The impact of national health promotion policy on stillbirth and maternal mortality in South Africa

17 Mar 2022

OBJECTIVES : In 2015, the South African government implemented the national health promotion policy (NHPP), intending to reduce stillbirth and maternal mortality. This study was designed to quantify the impact of the NHPP on stillbirth and maternal mortality in both the South African population and immigrant citizens. STUDY DESIGN : This was a panel analysis using secondary data issued by Statistic South Africa-Vital Statistics. METHODS : The author exploited the changes in smoking status that the NHPP exerted between 2015 and 2017. The author then builds credible control and treatment groups based on smoking status for both groups. Women who quitted smoking post-NHPP implementation were considered as the treatment group. Women who persisted with smoking post-NHPP implementation were classified as the control group. The author then used a Two-stage Least Squared Model to quantify the impact of the NHPP on stillbirth and maternal mortality in both the South African and immigrant populations.

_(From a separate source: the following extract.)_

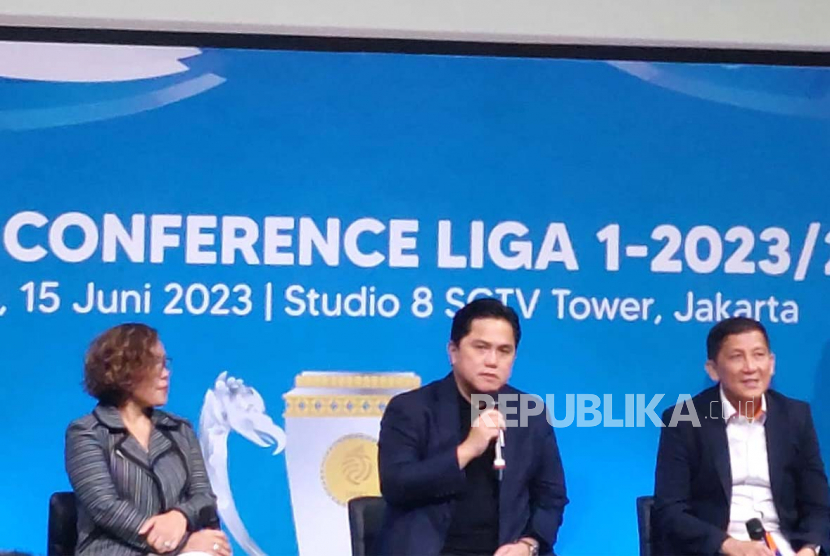Ketua Umum PSSI Erick Thohir (tengah) dalam konferensi pers Liga 1 2023/2024 di Jakarta, Kamis (15/6/2023).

RESULTS : The model shows that NHPP averts stillbirths by 8.36% in the South African population residing in the urban areas and by 2.84% in the rural segments of the country. NHPP averts South African maternal mortalities by 20.88% in urban areas and by 15.60% in the rural segments of the country.Regarding the immigrant population, the model shows that NHPP averts immigrant's stillbirths by 7.61% in the urban areas and by 2.79% in the rural segments of the country. In addition, NHPP averts immigrant maternal mortalities by 19.22% in the urban areas and by 13.04% in the rural segments of the country. CONCLUSIONS : NHPP reduces stillbirth and maternal mortality outcomes slightly biased toward the South African population. These inequalities reflect immigrant's lack of response to the NHPP framework and inadequate access to the South African health system.